When second-year guard Reggie Jackson unexpectedly popped up from the Thunder's bench Wednesday night and pumped life into his listless teammates, igniting a furious rally in the final 14 minutes that overpowered New Orleans, his performance served as validation to Oklahoma City's coaching staff.
To coach Scott Brooks and his assistants, Jackson's 10 minutes, 58 seconds of inspired ball demonstrated once again how much development is taking place within the organization, particularly with the Thunder's youngest players.
“We work with them every day,” Brooks told The Oklahoman on Thursday. “The hardest thing is for players — and I was that player myself — to stay mentally ready to do it every day when you don't get playing time rewards.”
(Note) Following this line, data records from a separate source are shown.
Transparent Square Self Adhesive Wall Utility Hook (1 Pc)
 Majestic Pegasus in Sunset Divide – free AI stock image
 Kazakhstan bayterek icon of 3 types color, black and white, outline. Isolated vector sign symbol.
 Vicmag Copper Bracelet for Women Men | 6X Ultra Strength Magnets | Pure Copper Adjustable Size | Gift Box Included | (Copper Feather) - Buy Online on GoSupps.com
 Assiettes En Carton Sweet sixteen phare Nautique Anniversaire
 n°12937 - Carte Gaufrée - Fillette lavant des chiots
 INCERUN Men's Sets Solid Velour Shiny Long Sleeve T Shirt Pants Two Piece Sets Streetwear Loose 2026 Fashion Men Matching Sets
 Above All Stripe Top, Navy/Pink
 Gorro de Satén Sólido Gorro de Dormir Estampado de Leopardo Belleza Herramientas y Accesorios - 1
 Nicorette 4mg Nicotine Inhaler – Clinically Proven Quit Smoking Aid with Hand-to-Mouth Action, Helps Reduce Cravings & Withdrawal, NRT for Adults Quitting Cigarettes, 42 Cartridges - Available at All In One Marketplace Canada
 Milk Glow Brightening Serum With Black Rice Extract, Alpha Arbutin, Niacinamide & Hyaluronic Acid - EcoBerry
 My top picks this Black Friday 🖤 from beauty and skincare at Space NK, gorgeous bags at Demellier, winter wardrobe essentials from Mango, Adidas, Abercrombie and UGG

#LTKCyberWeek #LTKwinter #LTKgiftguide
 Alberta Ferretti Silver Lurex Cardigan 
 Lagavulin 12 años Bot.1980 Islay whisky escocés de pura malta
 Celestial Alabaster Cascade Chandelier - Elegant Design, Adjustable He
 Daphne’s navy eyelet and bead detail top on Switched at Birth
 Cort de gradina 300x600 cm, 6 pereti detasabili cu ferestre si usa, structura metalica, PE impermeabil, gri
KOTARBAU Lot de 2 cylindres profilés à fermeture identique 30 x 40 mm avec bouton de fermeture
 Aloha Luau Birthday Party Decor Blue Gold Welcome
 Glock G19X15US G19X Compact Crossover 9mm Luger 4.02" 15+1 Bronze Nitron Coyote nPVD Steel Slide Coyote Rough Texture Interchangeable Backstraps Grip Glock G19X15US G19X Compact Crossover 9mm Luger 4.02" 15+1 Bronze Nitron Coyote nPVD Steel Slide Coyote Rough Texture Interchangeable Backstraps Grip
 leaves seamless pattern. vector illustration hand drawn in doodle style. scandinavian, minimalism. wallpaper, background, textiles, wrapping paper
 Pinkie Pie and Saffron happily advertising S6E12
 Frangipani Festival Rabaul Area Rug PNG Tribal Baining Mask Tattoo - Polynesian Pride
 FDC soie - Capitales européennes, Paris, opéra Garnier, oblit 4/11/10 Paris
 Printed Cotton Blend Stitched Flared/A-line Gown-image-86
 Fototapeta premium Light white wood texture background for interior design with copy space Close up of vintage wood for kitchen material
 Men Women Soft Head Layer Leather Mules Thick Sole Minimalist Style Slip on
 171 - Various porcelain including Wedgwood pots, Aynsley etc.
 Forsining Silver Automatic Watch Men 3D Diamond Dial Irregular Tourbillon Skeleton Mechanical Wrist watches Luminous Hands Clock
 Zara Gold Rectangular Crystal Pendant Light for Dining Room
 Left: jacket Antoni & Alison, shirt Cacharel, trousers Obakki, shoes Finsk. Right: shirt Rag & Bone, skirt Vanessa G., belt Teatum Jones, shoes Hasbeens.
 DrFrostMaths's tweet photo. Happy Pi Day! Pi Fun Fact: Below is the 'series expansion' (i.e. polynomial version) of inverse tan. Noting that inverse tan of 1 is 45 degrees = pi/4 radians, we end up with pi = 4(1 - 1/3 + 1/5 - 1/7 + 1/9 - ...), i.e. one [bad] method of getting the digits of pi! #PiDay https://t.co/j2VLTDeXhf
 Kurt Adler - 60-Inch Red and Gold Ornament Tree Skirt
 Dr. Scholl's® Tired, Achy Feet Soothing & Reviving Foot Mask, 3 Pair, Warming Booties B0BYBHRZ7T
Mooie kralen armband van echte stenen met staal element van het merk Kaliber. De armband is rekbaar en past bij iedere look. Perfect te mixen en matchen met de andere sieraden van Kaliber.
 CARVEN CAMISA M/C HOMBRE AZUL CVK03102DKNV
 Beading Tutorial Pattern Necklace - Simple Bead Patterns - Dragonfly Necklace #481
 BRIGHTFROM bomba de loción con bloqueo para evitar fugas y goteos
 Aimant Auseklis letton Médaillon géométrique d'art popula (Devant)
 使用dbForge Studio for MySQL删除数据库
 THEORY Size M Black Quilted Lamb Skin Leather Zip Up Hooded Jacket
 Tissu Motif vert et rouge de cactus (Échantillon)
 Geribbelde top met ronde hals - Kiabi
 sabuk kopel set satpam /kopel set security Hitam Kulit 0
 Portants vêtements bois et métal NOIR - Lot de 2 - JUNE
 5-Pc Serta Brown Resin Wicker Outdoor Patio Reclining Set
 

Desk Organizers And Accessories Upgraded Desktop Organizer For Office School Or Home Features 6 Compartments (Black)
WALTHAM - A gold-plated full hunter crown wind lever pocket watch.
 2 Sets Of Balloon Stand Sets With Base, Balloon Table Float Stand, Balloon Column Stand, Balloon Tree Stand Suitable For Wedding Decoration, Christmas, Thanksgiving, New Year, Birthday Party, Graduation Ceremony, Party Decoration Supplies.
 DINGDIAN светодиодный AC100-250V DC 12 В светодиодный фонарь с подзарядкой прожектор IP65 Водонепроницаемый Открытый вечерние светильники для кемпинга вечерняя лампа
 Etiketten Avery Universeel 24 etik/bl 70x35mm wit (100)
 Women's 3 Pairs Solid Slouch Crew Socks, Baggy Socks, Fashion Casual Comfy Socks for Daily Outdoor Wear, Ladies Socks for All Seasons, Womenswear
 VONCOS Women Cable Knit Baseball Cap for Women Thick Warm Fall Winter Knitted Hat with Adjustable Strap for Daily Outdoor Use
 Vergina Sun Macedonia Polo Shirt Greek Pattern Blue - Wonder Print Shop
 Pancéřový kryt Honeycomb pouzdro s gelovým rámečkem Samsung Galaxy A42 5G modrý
The Thunder has had only minimal minutes to offer first- and second-year players since becoming a league heavyweight. But Brooks' reluctance to award even those minutes to his younger players through the years, dating to D.J. White four seasons ago, continues to raise two popular questions: what does the Thunder have buried on its bench and why exactly aren't those players playing outside of garbage time?
To many, they have become a perplexing pair of questions for a fan base that's been bombarded with analysts annually acclaiming the team's young bloods.
For the first time since taking over as head coach, Brooks on Thursday spoke candidly about his philosophy regarding his rotations, providing details and insight into the decisions he's made since 2008.
“I don't believe you play young players just to play them,” Brooks told The Oklahoman. “I believe you play players that earn minutes.
“If you build a team where you just get minutes, it demoralizes the rest of the guys. But I never had to worry about that because our youngest players were the best players. But I don't have a problem playing young guys.”
Brooks has an undeniable track record of success. He has compiled a 192-129 record, journeyed to the Western Conference Finals in 2011 and the NBA Finals last season. Along the way, his coaching has helped develop two All-Star players in Russell Westbrook and Kevin Durant, a Sixth Man of the Year winner in James Harden and the reigning runner-up for Defensive Player of the Year in Serge Ibaka.
It was Brooks who inserted Westbrook as a rookie into the starting lineup five games after taking over coaching duties from P.J. Carlesimo, who had entrusted the team to Earl Watson.
Since then, though, Brooks has been slow to implement change, especially when it entails giving young players a chance.
He played Jeff Green 37 minutes a night, mostly out of position. It wasn't particularly effective, namely on defense and with rebounding, and it cut into playing time for both Harden and Ibaka.
“At that time, Jeff was better than Serge,” Brooks says. “You can argue the point now. But at that time, you couldn't even have the conversation let alone during the game or in the middle of a game.”
Brooks also kept Harden in a sixth man role despite obvious signs he was a star in the making. The decision left Harden averaging less than 32 minutes in all three of his seasons with the Thunder. OKC never had less than a .610 winning percentage while Harden was a sub, but the rigid rotation often didn't do the Thunder's offense any favors at the start of the first and third periods.
Brooks then played a mediocre Nazr Mohammed 18 minutes a night at backup center, ahead of both Byron Mullens and Cole Aldrich. It's debatable whether Mullens or Aldrich at the time were ready for prime playing time, but Mullens has since become a serviceable player for Charlotte, although a perimeter-oriented big man.